Paysage d'automne à Watford

 

Je partirai à la retraite le 12 octobre, après 22 ans de carrière à Coface et 33 ans de vie professionnelle. Le 21 septembre, jour de l’automne, j’ai eu l’opportunité de célébrer à La Défense mon départ avec environ 70 collègues avec qui j’ai travaillé étroitement. Voici un résumé des quelques mots que j’ai prononcés à cette occasion.

 Ma carrière à Coface semble s’être déroulée sous les auspices du chiffre 4. J’ai eu l’occasion de travailler avec 4 présidents, mais aussi avec 4 directeurs généraux. J’ai exercé 4 métiers : communication, commercial, country manager et, plus récemment et par intérim, risque politique. J’ai travaillé dans 4 métropoles européennes, Paris, Milan, Madrid et Londres. Nous entrons aujourd’hui dans l’une des 4 saisons, et j’y vois le symbole de mon passage à l’automne de ma vie : je rêve d’en faire une saison de grand vent et de feuillages fauves.

 De  1990 à 1997, j’ai créé la première direction de la communication de Coface. L’entreprise était dans un moment de mutation. L’équipe mit en place des outils : projet d’entreprise, colloques, relations presse, site Internet. Elle participa à l’internationalisation d’une entreprise jusque là franco-française et à la création du réseau international d’assureurs-crédit CreditAlliance.

 En 1997, j’ai eu la chance que me soit proposé le poste de directeur commercial à Milan : nouveau métier, nouveau pays, nouvelle langue, sous la conduite de pédagogues exceptionnels. En Espagne et au Portugal de 2001 à 2007, je suis devenu country manager. Les mots qui caractérisent cette période : enthousiasme, vitalité, « team building ». Depuis cinq ans, je dirige les équipes de Coface au Royaume Uni et en Irlande. Pour les caractériser : résilience, pragmatisme et humour, qualités qui nous ont permis de survivre à la crise qui balaya la City en 2007 – 2009.

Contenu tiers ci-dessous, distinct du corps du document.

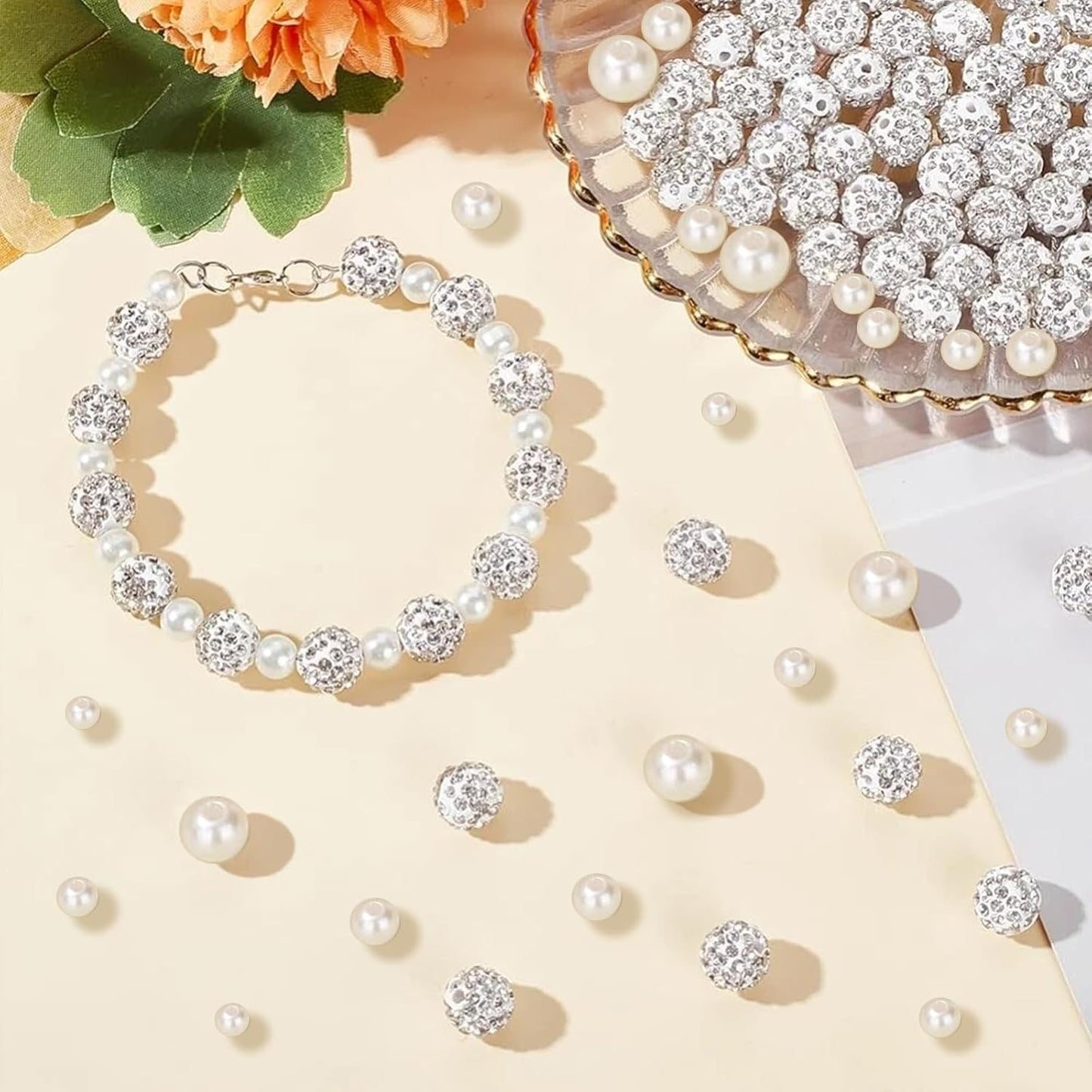 Hpebl 2136PCS Beads for Bracelets Pearl Bracelet Making Kit Friendship Bracelet Kits Bracelet Bead Kits Small Pearl Bead and Gold Beads Beading Kit for Bracelets Jewelry Making Kit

 J’ai eu la chance de participer au comité exécutif de Coface avec deux phases bien différentes, avant et après le recentrage sur l’assurance-crédit au début 2011 : avant le changement de cap, la vision d’une entreprise globale, dépassant sans cesse les frontières de pays, de métiers et de mentalités ; depuis 2011, la volonté de se plier aux faits et aux chiffres et de faire aboutir les projets dans les budgets et les délais promis.

 Pour finir, 4 mercis :

 Merci pour l’économie réelle. Coface est une entreprise financière, mais son travail consiste à assurer des transactions entre des entreprises qui vendent dans le monde entier. Rencontrer les chefs d’entreprise, trésoriers et gestionnaires de crédit m’a procuré mes meilleurs moments.

 Merci pour la « multinationale bonzaï ». Comparée aux grandes multinationales françaises, Coface, avec son chiffre d’affaires inférieur à 2 milliards d’euros et ses quelques milliers de collaborateurs, semble minuscule. Elle est pourtant présente et active avec ses propres équipes dans plus de 60 pays au monde.

 Merci pour l’entreprise Coface, un corps vivant qui se réinvente sans cesse pour croître et être profitable dans une économie internationale sans cesse changeante.

 Enfin, merci pour l’amitié de nombreux « cofaciens », qui n’a cessé de m’encourager au long d’une passionnante carrière.